## TASK DESCRIPTION
Locate the line with "this 1270×952 image." in the material. Copy that line and each one after it, through the last, exactly and with nothing else.
========================
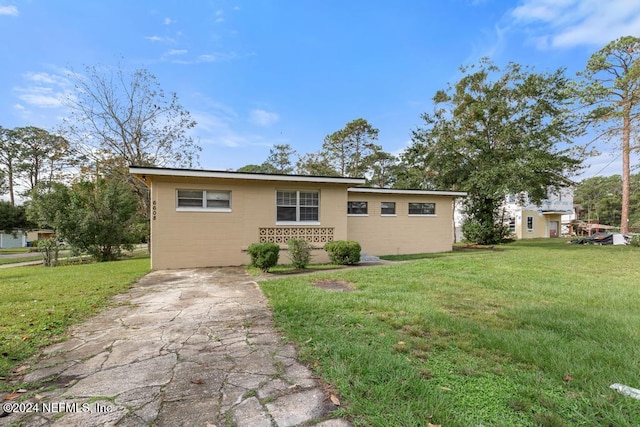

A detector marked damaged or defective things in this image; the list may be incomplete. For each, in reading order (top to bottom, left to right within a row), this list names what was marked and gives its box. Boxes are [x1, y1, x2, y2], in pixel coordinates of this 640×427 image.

cracked concrete driveway [1, 270, 350, 426]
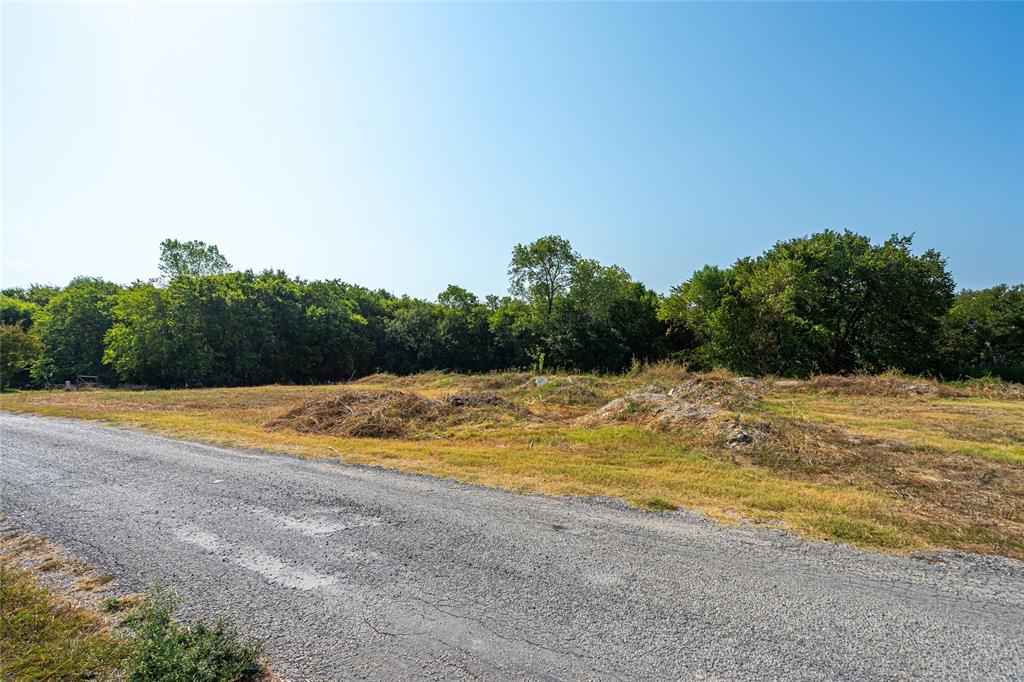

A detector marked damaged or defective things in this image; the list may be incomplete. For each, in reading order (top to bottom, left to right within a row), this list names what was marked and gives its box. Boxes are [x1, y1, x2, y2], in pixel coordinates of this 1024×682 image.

crack in asphalt [2, 411, 1024, 675]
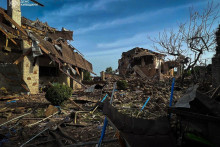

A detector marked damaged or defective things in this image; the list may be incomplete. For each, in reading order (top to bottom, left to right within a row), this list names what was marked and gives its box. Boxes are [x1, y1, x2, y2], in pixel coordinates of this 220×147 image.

damaged roof [0, 7, 93, 73]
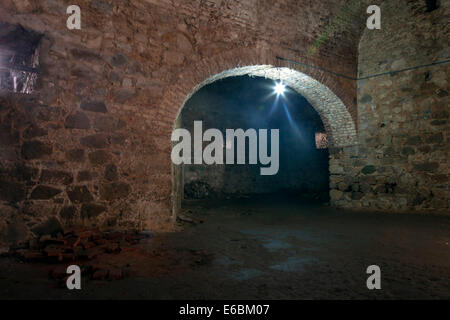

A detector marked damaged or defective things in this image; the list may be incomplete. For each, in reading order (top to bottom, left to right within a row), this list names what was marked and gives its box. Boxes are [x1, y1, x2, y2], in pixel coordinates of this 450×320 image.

pile of broken brick [2, 228, 153, 282]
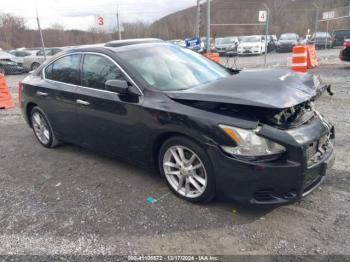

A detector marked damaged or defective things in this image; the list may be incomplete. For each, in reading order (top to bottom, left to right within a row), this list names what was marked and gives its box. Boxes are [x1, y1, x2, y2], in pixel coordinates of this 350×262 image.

crumpled hood [165, 68, 324, 109]
broken headlight [220, 124, 286, 159]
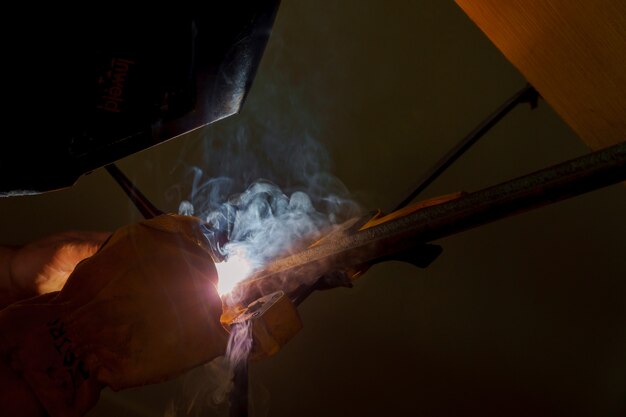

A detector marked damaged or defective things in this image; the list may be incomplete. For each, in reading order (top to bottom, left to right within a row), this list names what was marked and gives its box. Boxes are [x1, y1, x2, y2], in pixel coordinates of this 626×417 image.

rusty metal surface [233, 141, 624, 304]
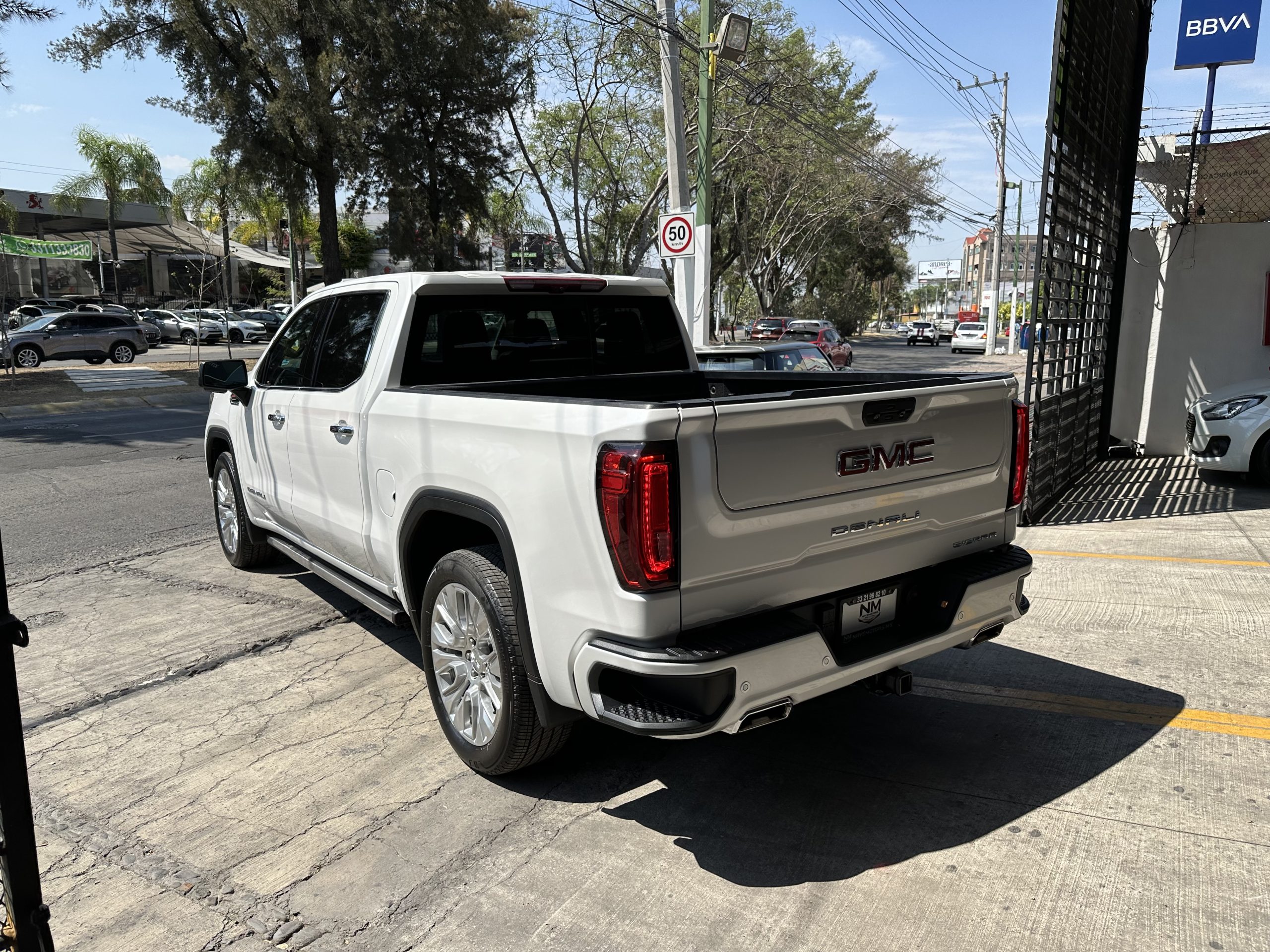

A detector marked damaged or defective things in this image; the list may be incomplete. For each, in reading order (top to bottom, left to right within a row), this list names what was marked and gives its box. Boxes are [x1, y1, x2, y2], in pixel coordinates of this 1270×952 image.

cracked concrete [2, 406, 1270, 949]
========================
## COMPLETED TASK
A detector marked damaged or defective things in this image; the list may be incomplete. For each, in reading order (top to bottom, left to right within a row), this list names what was marked and gives its box. Boxes are [x1, y1, x2, y2], in pixel coordinates of this 1270×952 image.

cracked concrete [2, 406, 1270, 949]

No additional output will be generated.